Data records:

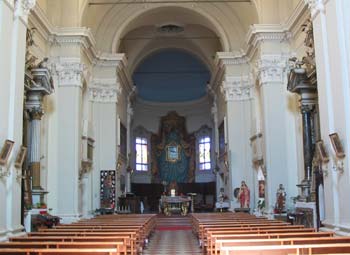 interno chiesa madonna di sotto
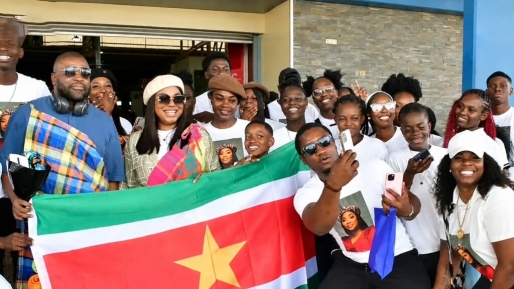Mercy Chinwo warm onthaald in Suriname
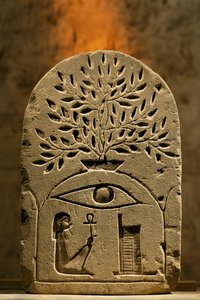 Sandstensstela till guden Osiris, 2002 (foto) av Kenneth Garrett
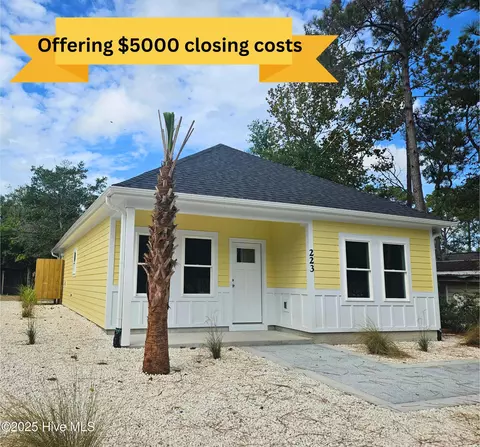 223 NE 75th St, Oak Island, NC 28465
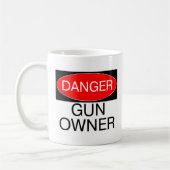 Gefahr - Gewehr-Inhaber-lustige T - Kaffeetasse (Links)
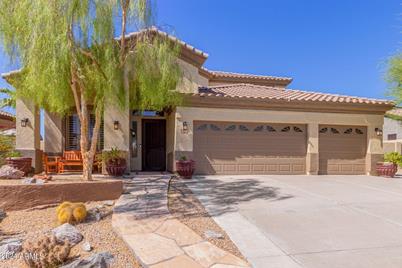 10956 S Oakwood Drive, Goodyear, AZ 85338 - Photo 1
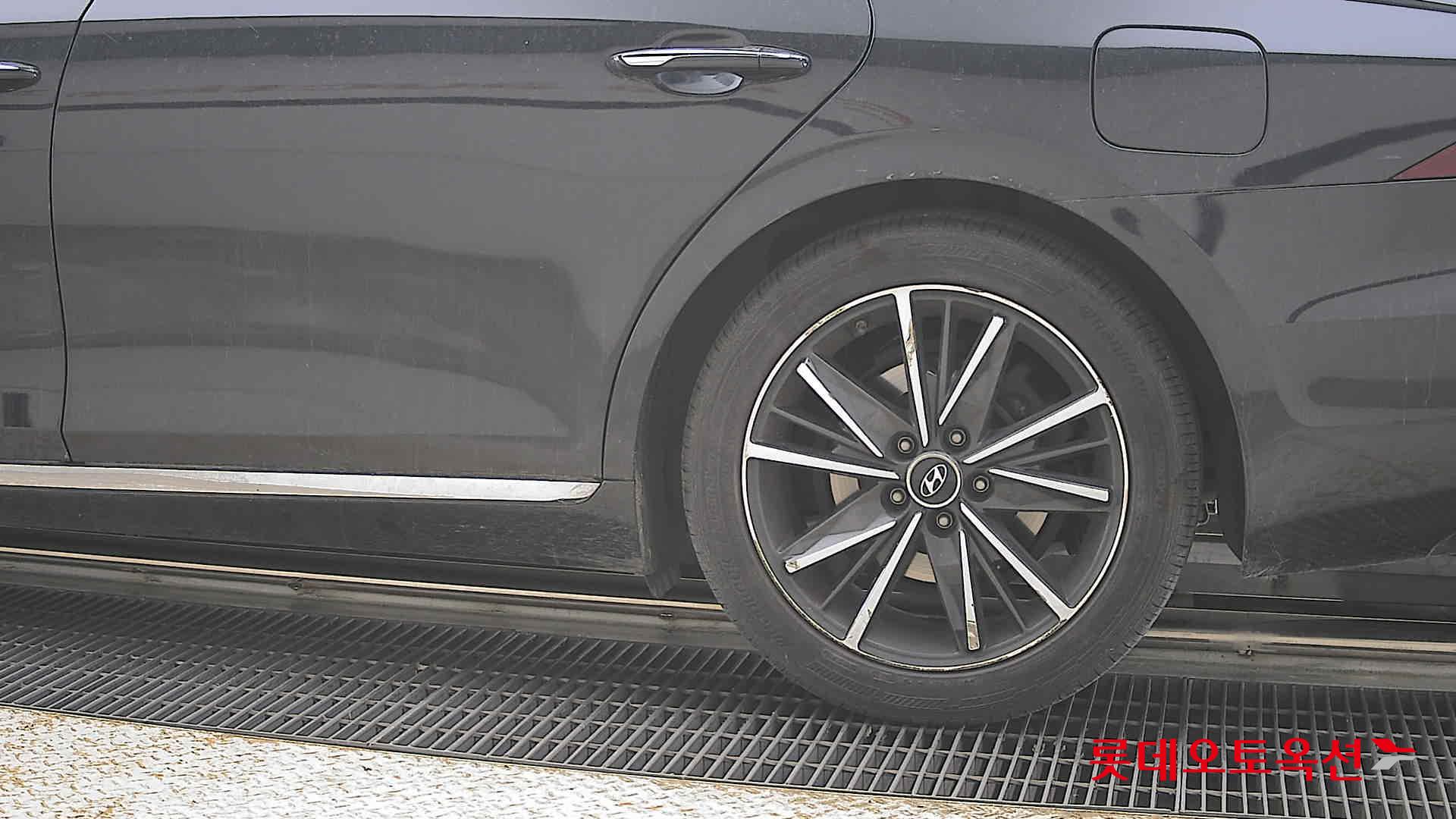 Hyundai Grandeur - 26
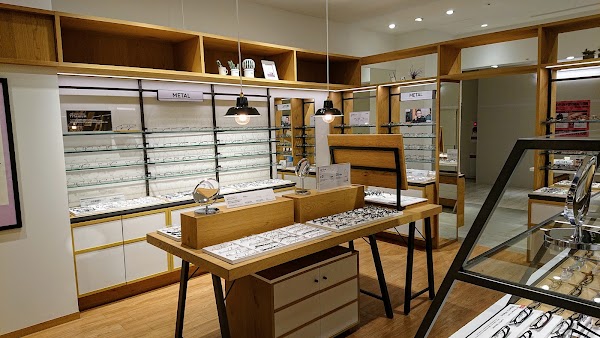 JINS Grand Front Osaka 4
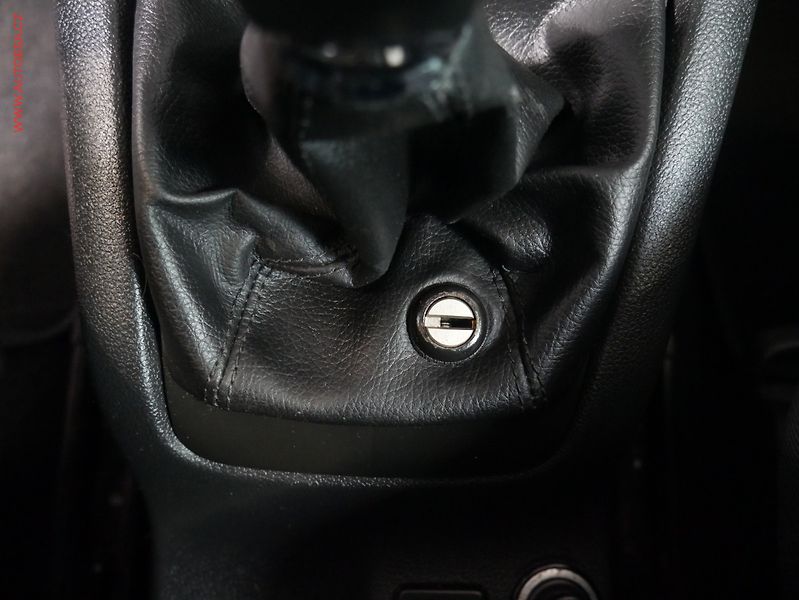 Škoda Yeti (2014) 2.0 TDi, ČR, Outdoor, TZ - fotka 16 z 18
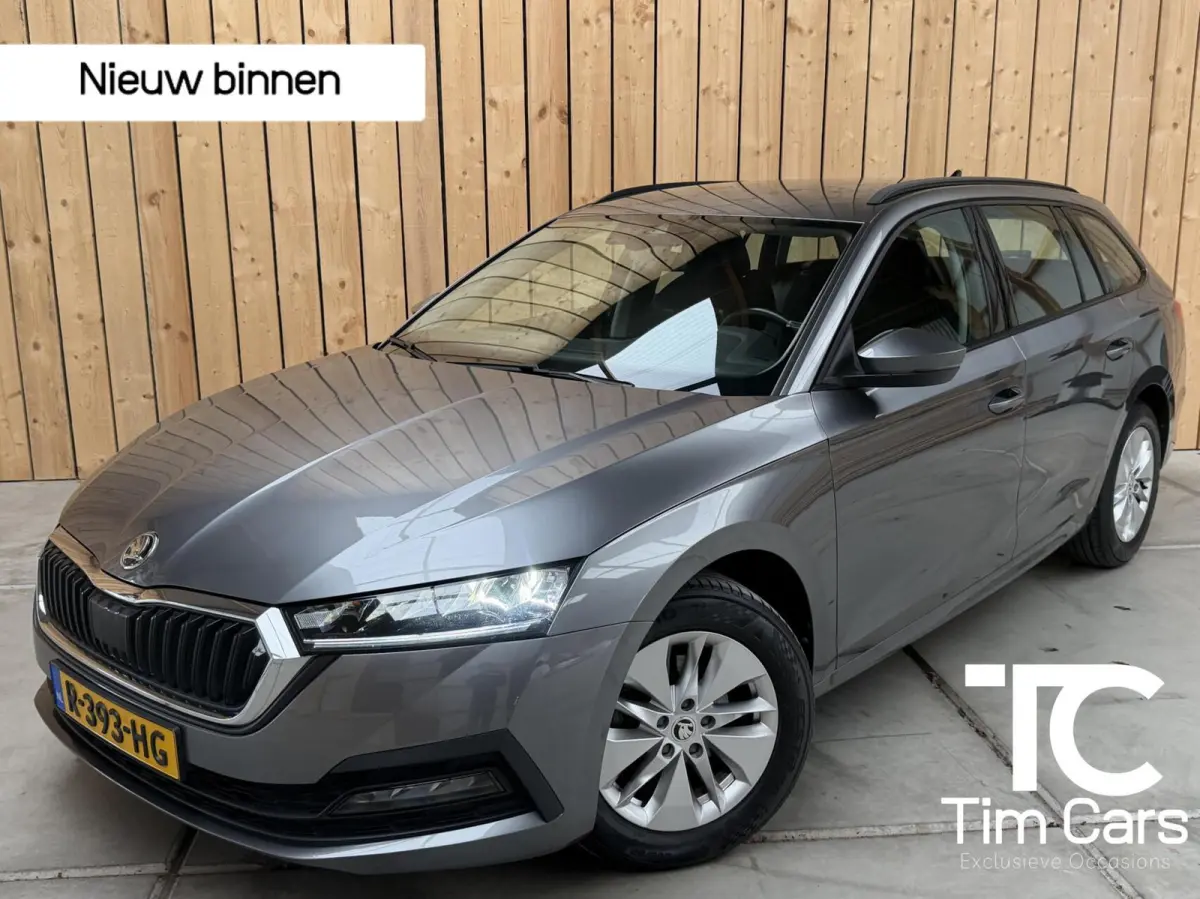 1.0 e-TSI Ambition Automaat | Apple CarPlay/Android Auto | Cruise & climate control | LED koplampen | Navigatiesysteem | Parkeersensoren achter | Trekhaak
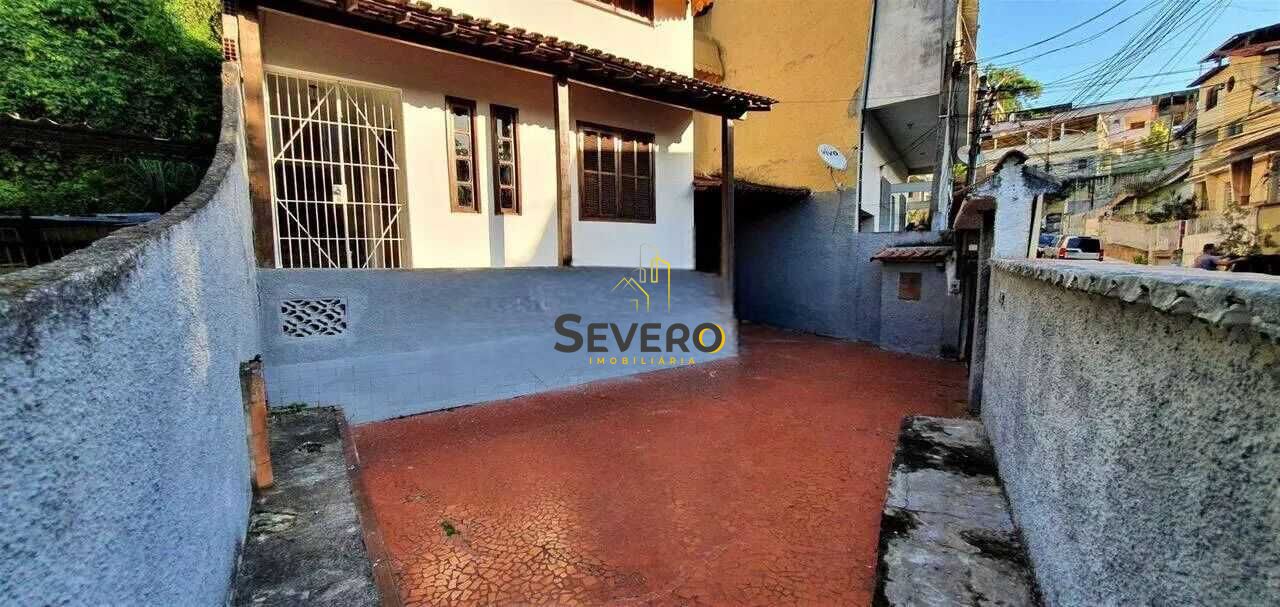 Casa à venda com 3 quartos, 180m² - Foto 1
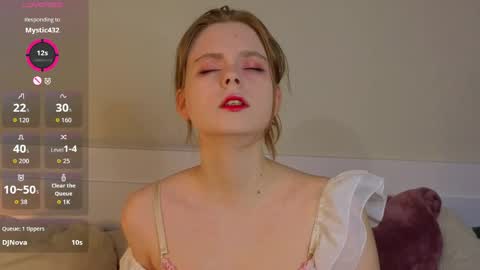 Julie online show from March 22, 6:23 pm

◆ What the task asks ◆
Every line from the one with "Casa à venda com 3 quartos, 180m² - Foto 1" through the end of the records above belongs in the answer, copied exactly; no picture does.

◆ Final answer ◆
 Casa à venda com 3 quartos, 180m² - Foto 1
 Julie online show from March 22, 6:23 pm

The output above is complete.